A culture of patient safety involves: leadership, teamwork and collaboration, evidence-based practices, effective communication, learning, measurement, a just culture, systems thinking, human factors, and zero tolerance.Leaders in CSSD are responsible for establishing safety. Leaders set patient safety as priority and motivate staff to perform. They ensure all the standards are followed, and no short-cuts are taken. Leaders provide tools to ensure all steps are done seamlessly. Leadership is critical to the success of patient safety in CSSD.
Decontamination process in CSSD cannot be done by one person. Teamwork and collaboration combines the talents and skills of each member of a CSSD team and serve as a check and balance method, making sure every process is done the right way. CSSD must encourage thinking, suggestion and action from all staff. Teamwork and collaboration in the department also decrease risk to staff.
Also, communication is a vital aspect. Open communication between leaders and staff or between staff encourage sharing technological and environmental information. Communication is based on mutual trust and setting the best practices in CSSD. Communication includes written, verbal, or electronic, and can be used for sharing data, sharing policies and procedures, literature studies and also reporting systems.
Sterilisation should be used for evidence-based literature. Sterilisation cannot be done only as a habit; a generation-to-generation practice has shown that people don’t use evidence-based standard. Evidence based practice in CSSD is a basic element of patient safety. Evidence based guideline for CSSD best practice is available from World Health Organization (WHO), Centers for Disease Control and Prevention (CDC), and Asia Pacific Society of Infection Control (APSIC). Adoption of best practices sometimes meets resistance. Leadership together with staff must increase awareness, improve the desire to change to meet the standard, and even ask for incentives.
All members of CSSD should learn. Learning together can improve the ability to create desired results. The department’s staff should encourage participating in learning the formulating policies and procedures. They can schedule monthly meetings when a group of staff presents one topic, while others pay attention and ask questions to the presenter group.
To monitor compliance with best practices and to identify gaps in care, CSSD must collect and report reliable data. The staff must collect any problem when reprocessing instrument, particularly in cleaning, disinfection or sterilisation. CSSD can also get information from users. Any report that shows lack of compliance from best practice should be analysed and managed to improve cleaning, disinfection or sterilisation practice.

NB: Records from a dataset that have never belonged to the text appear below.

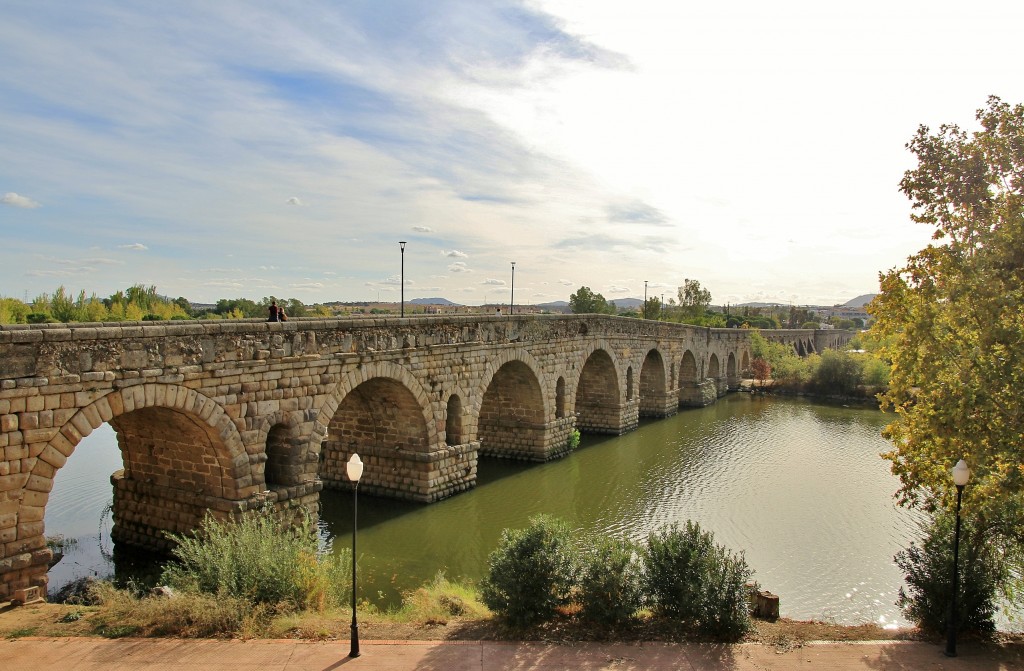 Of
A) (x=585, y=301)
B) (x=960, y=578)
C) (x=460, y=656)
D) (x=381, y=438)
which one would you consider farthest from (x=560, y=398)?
(x=585, y=301)

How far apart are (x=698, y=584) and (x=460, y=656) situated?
9.89 feet

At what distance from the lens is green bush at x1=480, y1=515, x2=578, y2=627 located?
320 inches

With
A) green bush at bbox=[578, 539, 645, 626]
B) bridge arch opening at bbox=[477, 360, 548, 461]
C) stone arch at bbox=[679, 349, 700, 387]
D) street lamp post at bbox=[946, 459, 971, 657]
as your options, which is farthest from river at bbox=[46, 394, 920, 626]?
stone arch at bbox=[679, 349, 700, 387]

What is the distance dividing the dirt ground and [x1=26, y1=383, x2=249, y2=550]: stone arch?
2570mm

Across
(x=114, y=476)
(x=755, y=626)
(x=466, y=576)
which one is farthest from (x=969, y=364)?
(x=114, y=476)

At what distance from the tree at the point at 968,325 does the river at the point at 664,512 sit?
378 centimetres

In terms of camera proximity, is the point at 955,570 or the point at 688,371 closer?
the point at 955,570

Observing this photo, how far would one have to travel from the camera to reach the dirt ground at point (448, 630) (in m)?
7.75

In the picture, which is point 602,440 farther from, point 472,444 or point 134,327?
point 134,327

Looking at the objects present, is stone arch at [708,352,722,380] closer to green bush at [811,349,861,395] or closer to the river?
green bush at [811,349,861,395]

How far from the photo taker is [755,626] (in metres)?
8.41

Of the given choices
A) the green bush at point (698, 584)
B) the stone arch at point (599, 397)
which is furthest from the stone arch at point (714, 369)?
the green bush at point (698, 584)

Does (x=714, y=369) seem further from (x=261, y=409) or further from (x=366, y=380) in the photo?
(x=261, y=409)

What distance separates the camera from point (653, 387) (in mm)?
32188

All processes in healthcare facilities are systems, involving interconnected components, people, supplies and equipment. CSSD practice seems simple, however it is really complex. It needs trained technicians, facilities, supplies, and water. Systems change or system thinking should be done to achieve and sustain success in CSSD practices.
A CSSD practice is not only done using machine but needs staff; human factors should be considered. Some principles in human factors include simplifying the process, standardising the process, reducing dependence on memory, using forcing function, and working toward reliability.
To err is human and some will inevitably make errors. CSSD can review the systems and learn from errors. These errors can be addressed by providing feedback and encouraging productive conversation and critical analysis to prevent future errors. The no blame culture focuses on systems that led to the error rather than on the individual. Blaming personnel only creates anxiety and fear and does little to solve current problems or prevent them.
However, in a condition that shows purposeful disregard of the rules, zero tolerance culture is used. Leaders must not tolerate non-adherence. When best practices are known, these should be expected of all staff. If staff takes a short-cut in cleaning, disinfection or sterilisation process, these behaviours should be addressed and not ignored.